How The 1031 Exchange Works With Short Sales, Auctions And Foreclosures



You can acquire property in a short sale through a 1031 exchange; however, you may find it difficult to do so while complying with the exchange deadlines. Section 1031 of the Internal Revenue Code requires taxpayers to identify replacement property within a 45-day Identification Period and to close on the identified properties within the Exchange Period, which is a maximum of 180 days. In a short sale, a bid package must be sent to the asset manager at the bank.  Included in this package is information regarding the seller’s financial situation as well as a settlement statement showing the amount of money the bank will receive on the payoff of their loan at the current bid price. The review of this package can (and regularly does) take up to 60 days. By this time, your Identification Period may have already expired leaving you unable to identify an alternate property for your 1031 exchange, or your Exchange Period may have expired.  Please be aware of the time constraints and coordinate with your REALTOR® and your tax advisor before attempting this type of transaction.




It is extremely difficult to purchase replacement property at an auction. When property is sold at an auction, there is no contract between the buyer and the seller. This is an issue because, when buying a property in a 1031 exchange, the taxpayer must assign its rights to buy the property under the contract to the qualified intermediary and the seller must be given notice of this assignment. Additionally, one of the fundamental requirements of a 1031 exchange is that the taxpayer cannot have control or “constructive receipt” of the exchange funds during the transaction.  Many times, auction property is sold on the county courthouse steps or in a meeting hall where the seller is expecting the funds immediately after the auction.  Because of the rules regarding constructive receipt, First American Exchange is unable to provide you with a check on the chance that you may purchase a property that day. Therefore, if you purchase a property through an auction, there must be time after the auction when First American Exchange can prepare the necessary exchange documents and coordinate the delivery of the exchange funds for the closing. In some instances, the seller will not delay the sale of the property to help facilitate a 1031 exchange. Speak with the seller or auctioneer of the property about this before you make any bids on auction properties.

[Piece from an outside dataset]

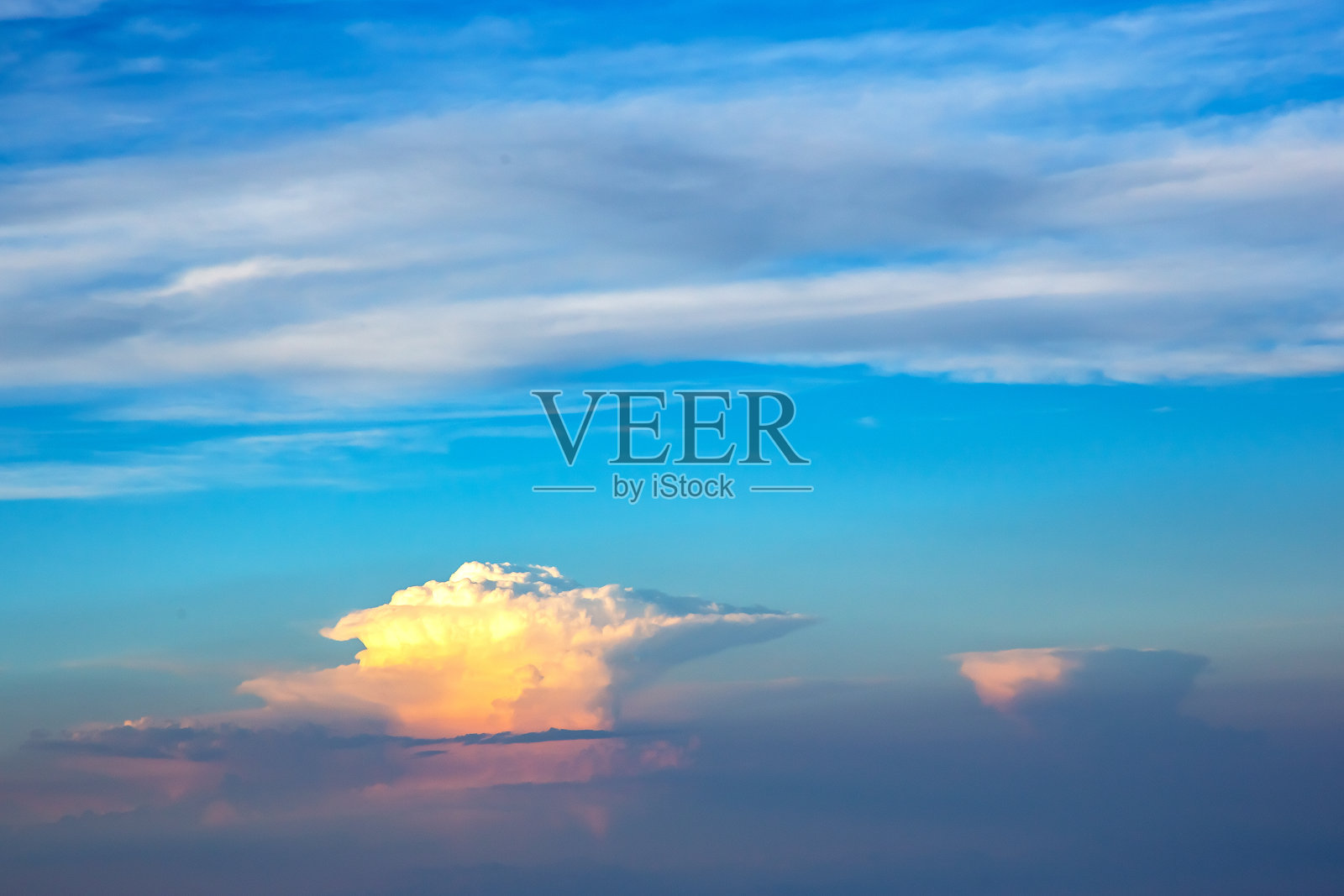 日落前天空中五彩缤纷的云彩照片摄影图片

You can acquire property in foreclosure through a 1031 exchange so long as there is a contract between the buyer and seller and there is a time period after the offer is accepted for First American Exchange to provide the exchange funds to close.  Remember that the 45-day Identification Period still applies, so do your inspection of the property within the 45 days to make sure that the condition of the property is acceptable to you. If there are repairs that need to be made on the property after closing, you cannot fund these repairs through a standard delayed exchange.  If the property needs substantial repair, a more complex structure known as an Improvement Exchange may be appropriate. Please speak with your tax advisor and First American Exchange before identifying or purchasing foreclosure property and ask about the Improvement Exchange process.